The first because ever since Firstsite’s former director Kath Wood dreamed up the idea of having a brand spanking new building to house contemporary art in the town, James has been longing to get his work in there.

Secondly, and actually far more importantly, Firstsite, then located in the Minories art gallery, was the place where James got his first big artistic break.

Back in 2001 Kath invited him to exhibit not only old work but new pieces, which included a series of striking ethereal ‘floating’ boat paintings.

As well as catching the eye of local art lovers, the subsequent Shipshape exhibition captured the attention of the Maritime Museum in London, who asked to exhibit them as did other venues up and down the country.

“Once you get someone like the Maritime Museum behind you, people start to take notice,” he adds. “But it was Firstsite who gave me that big break. The tour caught the eye of the London Gallery Messum’s and since then I’ve had six exhibitions with them.”

Born in Brightlingsea in 1957, James came from an artistic background, his father being the illustrator for the Eastern Daily Press, Andrew Dodds.

Self conscious about following in the family footsteps, he got a series of weekend jobs one of which was working on a sailing boat.

He says: “I actually used to tell people my dad was a shipwright, instead of an artist, because all the other kids’ dads were either involved with boatbuilding or fishing.”

After moving to Colchester, James left school at 15 to start as apprentice shipwright at Walter Cook and Sons, in Maldon, a job that ‘not only gave him his living for four years but also the subject matter for the rest of his life.

As with Shipshape in 2001, the chance to exhibit his work in the new Firstsite gallery has given James new challenges and opportunities to explore what he does.

“I’ve been wanting to paint a boat much like you loft it out,” he reveals. “Lofting out is how they draw up the plans for building boats and this is the first time I’ve been able to bring those two skills together, the boatbuilding and the painting.”

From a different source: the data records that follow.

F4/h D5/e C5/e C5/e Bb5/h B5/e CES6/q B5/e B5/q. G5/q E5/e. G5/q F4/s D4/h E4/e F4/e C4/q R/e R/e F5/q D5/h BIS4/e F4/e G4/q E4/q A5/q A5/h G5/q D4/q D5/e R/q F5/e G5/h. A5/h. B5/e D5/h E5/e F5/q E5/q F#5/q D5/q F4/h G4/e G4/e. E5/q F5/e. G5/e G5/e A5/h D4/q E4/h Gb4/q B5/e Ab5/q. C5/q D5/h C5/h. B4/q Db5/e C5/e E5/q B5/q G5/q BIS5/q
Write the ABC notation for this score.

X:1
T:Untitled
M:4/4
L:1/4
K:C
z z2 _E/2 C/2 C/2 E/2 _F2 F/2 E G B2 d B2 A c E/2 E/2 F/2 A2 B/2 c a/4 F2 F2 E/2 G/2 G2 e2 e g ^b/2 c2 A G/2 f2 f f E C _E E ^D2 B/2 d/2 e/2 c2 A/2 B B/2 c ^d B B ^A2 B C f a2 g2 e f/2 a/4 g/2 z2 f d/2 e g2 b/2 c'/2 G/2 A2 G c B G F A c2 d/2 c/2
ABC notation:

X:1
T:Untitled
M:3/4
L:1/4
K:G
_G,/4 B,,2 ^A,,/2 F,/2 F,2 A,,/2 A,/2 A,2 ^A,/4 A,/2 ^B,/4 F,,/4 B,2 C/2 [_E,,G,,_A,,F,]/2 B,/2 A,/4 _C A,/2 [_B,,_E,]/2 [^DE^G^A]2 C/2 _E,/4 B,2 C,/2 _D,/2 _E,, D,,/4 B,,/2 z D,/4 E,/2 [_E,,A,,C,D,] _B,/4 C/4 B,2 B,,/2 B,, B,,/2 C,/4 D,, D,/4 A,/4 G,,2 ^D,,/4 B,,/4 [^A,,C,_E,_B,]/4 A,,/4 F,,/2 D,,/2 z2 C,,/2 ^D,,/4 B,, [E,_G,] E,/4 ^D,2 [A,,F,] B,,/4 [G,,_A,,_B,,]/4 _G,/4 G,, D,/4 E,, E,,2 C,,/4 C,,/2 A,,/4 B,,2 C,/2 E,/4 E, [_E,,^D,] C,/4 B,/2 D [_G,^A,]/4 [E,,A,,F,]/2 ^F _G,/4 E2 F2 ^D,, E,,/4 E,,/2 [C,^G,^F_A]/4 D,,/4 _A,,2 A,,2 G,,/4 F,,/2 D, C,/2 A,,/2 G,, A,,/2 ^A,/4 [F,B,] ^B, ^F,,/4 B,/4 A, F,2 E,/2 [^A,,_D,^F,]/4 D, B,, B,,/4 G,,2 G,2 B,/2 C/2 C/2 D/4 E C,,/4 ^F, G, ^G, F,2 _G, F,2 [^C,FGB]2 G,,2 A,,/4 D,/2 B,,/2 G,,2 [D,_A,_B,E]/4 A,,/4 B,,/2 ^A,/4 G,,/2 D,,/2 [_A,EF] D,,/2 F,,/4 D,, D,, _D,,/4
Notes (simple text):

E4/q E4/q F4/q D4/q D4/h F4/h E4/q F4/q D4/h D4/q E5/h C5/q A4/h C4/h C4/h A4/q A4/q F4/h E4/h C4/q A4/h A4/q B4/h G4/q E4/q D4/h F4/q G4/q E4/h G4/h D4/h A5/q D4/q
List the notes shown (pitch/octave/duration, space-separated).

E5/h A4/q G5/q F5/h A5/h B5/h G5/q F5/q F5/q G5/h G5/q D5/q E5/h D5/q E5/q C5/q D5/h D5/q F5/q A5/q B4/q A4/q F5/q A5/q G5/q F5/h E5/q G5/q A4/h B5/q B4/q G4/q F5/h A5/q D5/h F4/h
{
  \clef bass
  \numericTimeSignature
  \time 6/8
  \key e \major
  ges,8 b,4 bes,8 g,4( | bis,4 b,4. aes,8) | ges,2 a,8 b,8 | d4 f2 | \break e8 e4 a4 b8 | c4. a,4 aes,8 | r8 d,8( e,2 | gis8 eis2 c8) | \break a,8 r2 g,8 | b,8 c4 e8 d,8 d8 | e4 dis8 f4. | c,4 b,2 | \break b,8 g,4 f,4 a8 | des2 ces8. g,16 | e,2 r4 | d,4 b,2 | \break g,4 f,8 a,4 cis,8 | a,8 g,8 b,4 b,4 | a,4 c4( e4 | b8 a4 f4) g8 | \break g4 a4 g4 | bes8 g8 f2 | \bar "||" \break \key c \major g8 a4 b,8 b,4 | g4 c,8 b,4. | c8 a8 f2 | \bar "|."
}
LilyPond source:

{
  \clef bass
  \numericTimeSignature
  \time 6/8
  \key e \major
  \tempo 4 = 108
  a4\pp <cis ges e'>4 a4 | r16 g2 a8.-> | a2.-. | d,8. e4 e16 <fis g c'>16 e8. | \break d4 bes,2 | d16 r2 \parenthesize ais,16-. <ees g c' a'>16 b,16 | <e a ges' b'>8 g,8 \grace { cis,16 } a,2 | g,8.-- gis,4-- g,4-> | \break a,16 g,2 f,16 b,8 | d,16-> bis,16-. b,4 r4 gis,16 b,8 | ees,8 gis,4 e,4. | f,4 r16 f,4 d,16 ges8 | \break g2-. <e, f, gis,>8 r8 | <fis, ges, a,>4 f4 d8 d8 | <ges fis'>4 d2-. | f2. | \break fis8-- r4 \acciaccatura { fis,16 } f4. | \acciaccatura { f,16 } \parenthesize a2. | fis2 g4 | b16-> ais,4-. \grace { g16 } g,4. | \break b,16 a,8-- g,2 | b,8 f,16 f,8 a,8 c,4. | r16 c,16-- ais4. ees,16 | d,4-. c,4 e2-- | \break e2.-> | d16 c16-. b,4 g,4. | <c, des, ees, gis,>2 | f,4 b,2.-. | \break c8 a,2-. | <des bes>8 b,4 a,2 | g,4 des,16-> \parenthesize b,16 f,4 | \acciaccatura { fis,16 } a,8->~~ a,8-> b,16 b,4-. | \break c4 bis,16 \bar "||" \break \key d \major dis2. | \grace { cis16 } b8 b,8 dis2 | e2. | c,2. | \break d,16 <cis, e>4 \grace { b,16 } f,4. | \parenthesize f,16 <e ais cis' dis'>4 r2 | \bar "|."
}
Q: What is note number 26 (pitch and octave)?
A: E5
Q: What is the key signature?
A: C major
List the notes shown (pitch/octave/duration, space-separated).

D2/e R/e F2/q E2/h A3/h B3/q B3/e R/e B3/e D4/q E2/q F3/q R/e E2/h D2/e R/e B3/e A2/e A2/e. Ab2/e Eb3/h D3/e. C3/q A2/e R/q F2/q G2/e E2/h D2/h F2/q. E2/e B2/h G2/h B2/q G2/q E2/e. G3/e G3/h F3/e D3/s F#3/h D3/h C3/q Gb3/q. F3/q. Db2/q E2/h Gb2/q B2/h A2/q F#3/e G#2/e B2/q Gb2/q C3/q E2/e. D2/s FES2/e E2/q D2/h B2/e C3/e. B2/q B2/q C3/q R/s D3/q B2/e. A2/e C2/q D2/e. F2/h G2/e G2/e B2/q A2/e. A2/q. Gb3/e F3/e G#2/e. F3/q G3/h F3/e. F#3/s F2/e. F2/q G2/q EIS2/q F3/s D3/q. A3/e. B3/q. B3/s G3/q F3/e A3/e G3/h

The end result, a spectacular 20ft Colchester fishing smack is the longest boat James has ever painted and after given a sneaky preview of it in his studio, I can tell you it’s a very impressive piece of work indeed.

Wood to Water will also see a series of boat carvings made out of the panels of the family’s old Brightlingsea beach hut.

“We had to replace my grandfather’s hut,” he explains. “This one replaced the hut that swept away in the 1953 floods and that original one was the very first beach hut in the town.

“It survived the recent flood because after 1953 my grandfather insisted on putting a trap door in the middle of it to let the water in and out. That said it was on its last legs so I decided to do something with the old roof panels.”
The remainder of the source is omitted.